Top of Data for this task
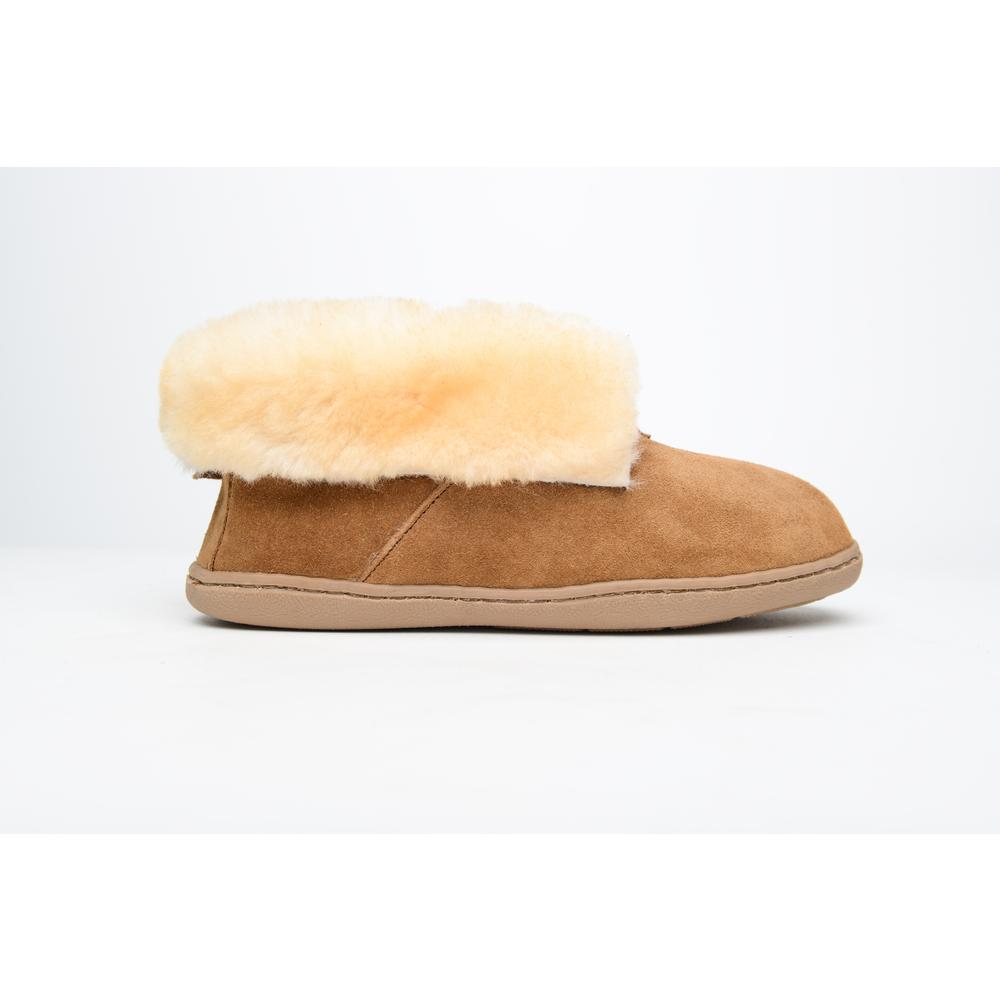 womens ankle slippers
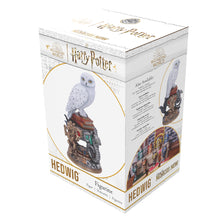 Load image into Gallery viewer, Harry Potter Hedwig Figurine 22cm
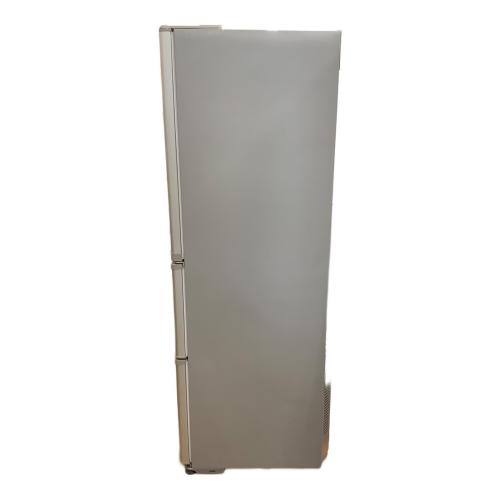Panasonic (パナソニック) 3ドア冷蔵庫 NR-C344C-N 2023年製 自動製氷機能付き 335L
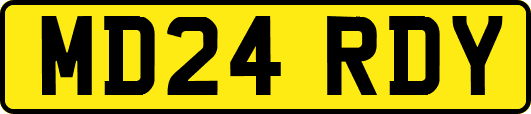 MD24RDY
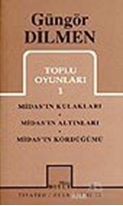 Toplu Oyunları 1 Midas'ın Kulakları / Midas'ın Altınları / Midas'ın Kördüğümü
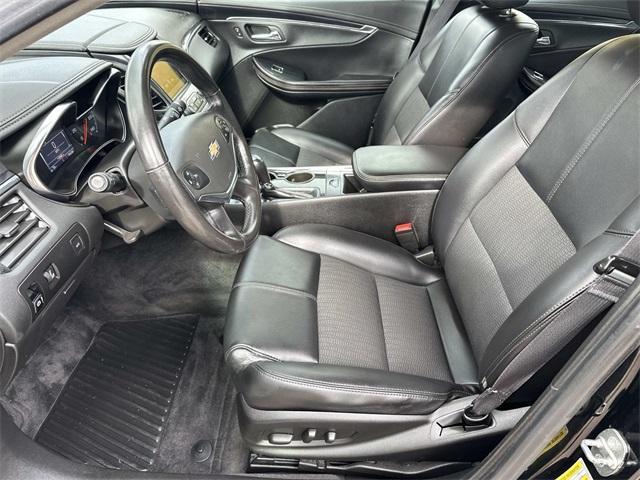 used 2016 Chevrolet Impala car, priced at $10,995
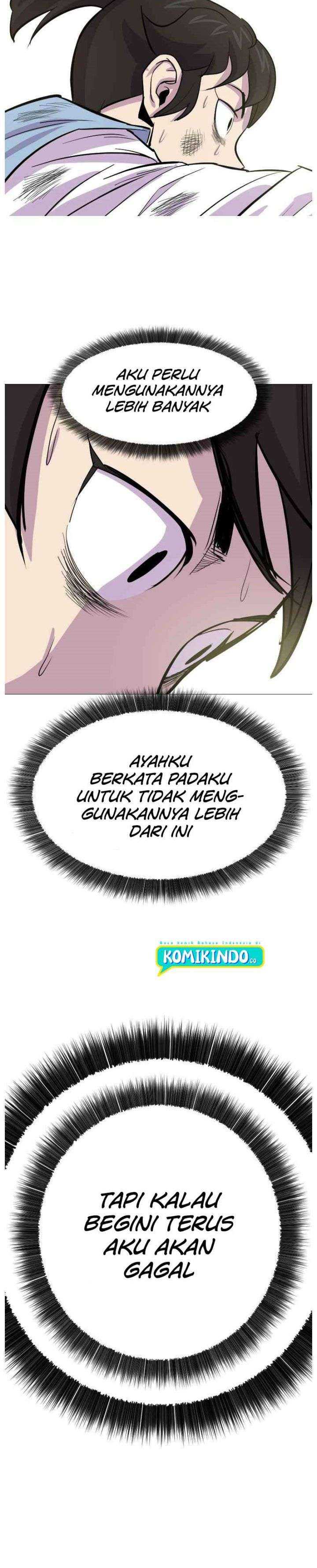 Weak Teacher Chapter 03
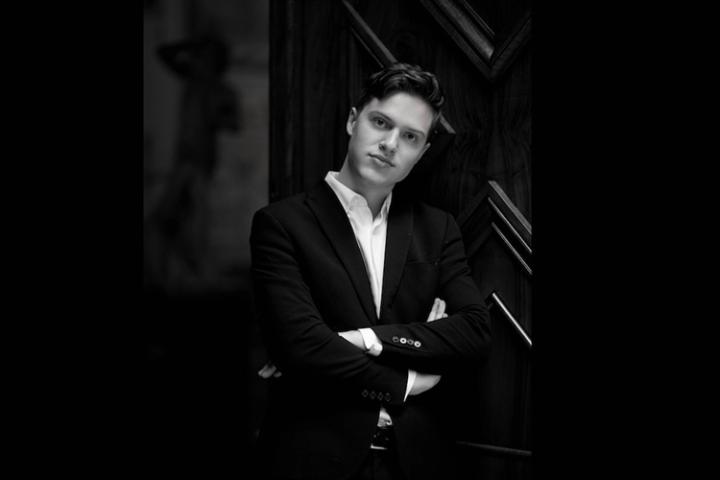 Isaac van der Merwe Piano Recital | A Baxter Fundraiser | Things To Do In Cape Town This Weekend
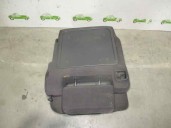 Recambio de asientos trasero derecho para opel monterey 3.1 turbodiesel referencia OEM IAM 3ª FILA TELA GRIS 6 PUERTAS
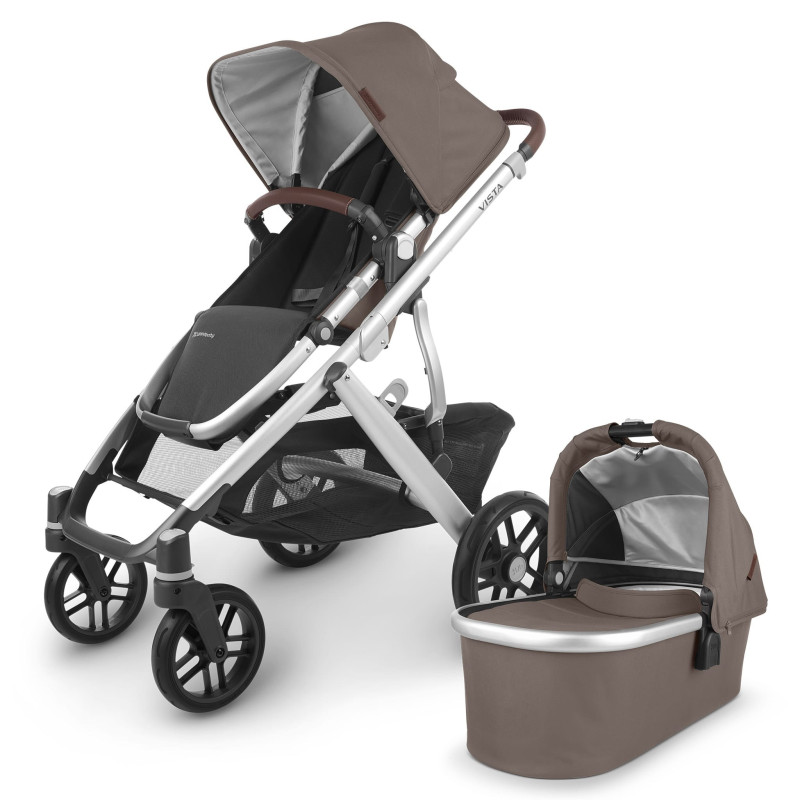 UPPAbaby Poussette Vista V2 - Theo
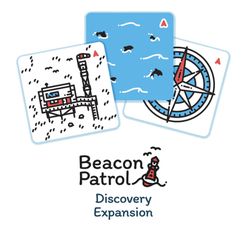 Beacon Patrol: Discovery Tiles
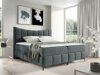 Boxspring Littera (Freya 210.23)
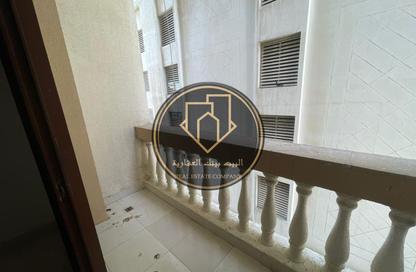 Apartment - 1 Bedroom - 1 Bathroom for rent in Al Nuaimiya - Ajman Apartment - 1 Bedroom - 1 Bathroom for rent in Al Nuaimiya - Ajman
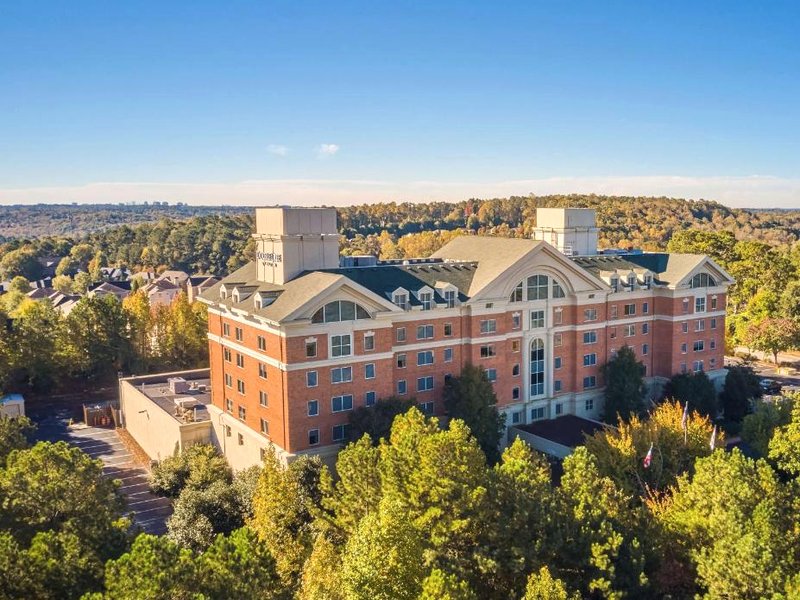 ダブルツリー バイ ヒルトン アトランタ ロズウェル (DoubleTree by Hilton Atlanta/Roswell)の写真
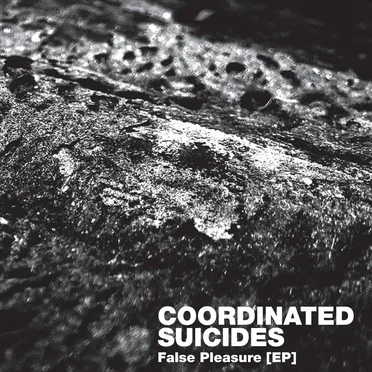 False Pleasure by Coordinated Suicides - album cover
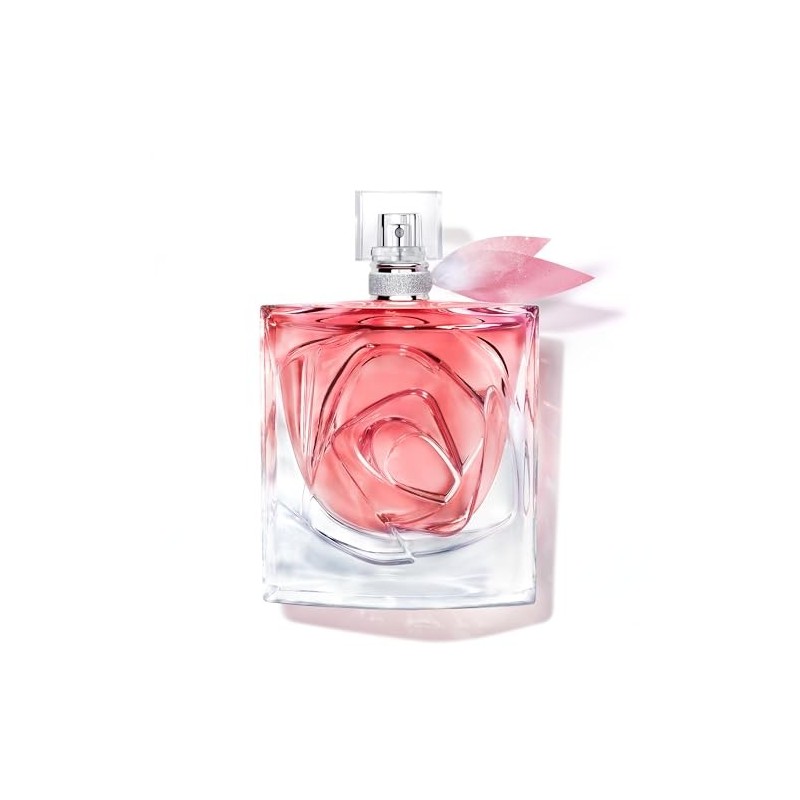 LCM LVEB ROSE EXTRA EDP V100ML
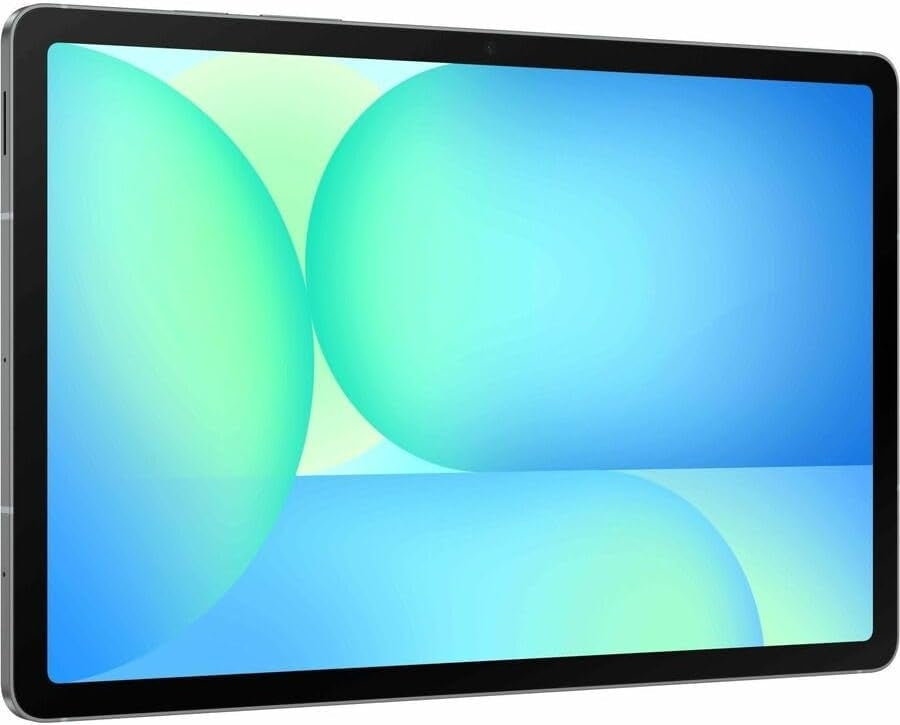 Samsung Galaxy Tab S10 FE 10.9" 128GB Wi-Fi with S-Pen Gray SM-X520NZAAXAR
Bottom of Data for this task
_What you need to do_:
Transcribe, from the material above, the stretch starting at the line with "Toplu Oyunları 1" and ending at the line with "Recambio de asientos", both included, exactly. Do not carry over pictures.

_Response to the task_:
 Toplu Oyunları 1 Midas'ın Kulakları / Midas'ın Altınları / Midas'ın Kördüğümü
 used 2016 Chevrolet Impala car, priced at $10,995
 Weak Teacher Chapter 03
 Isaac van der Merwe Piano Recital | A Baxter Fundraiser | Things To Do In Cape Town This Weekend
 Recambio de asientos trasero derecho para opel monterey 3.1 turbodiesel referencia OEM IAM 3ª FILA TELA GRIS 6 PUERTAS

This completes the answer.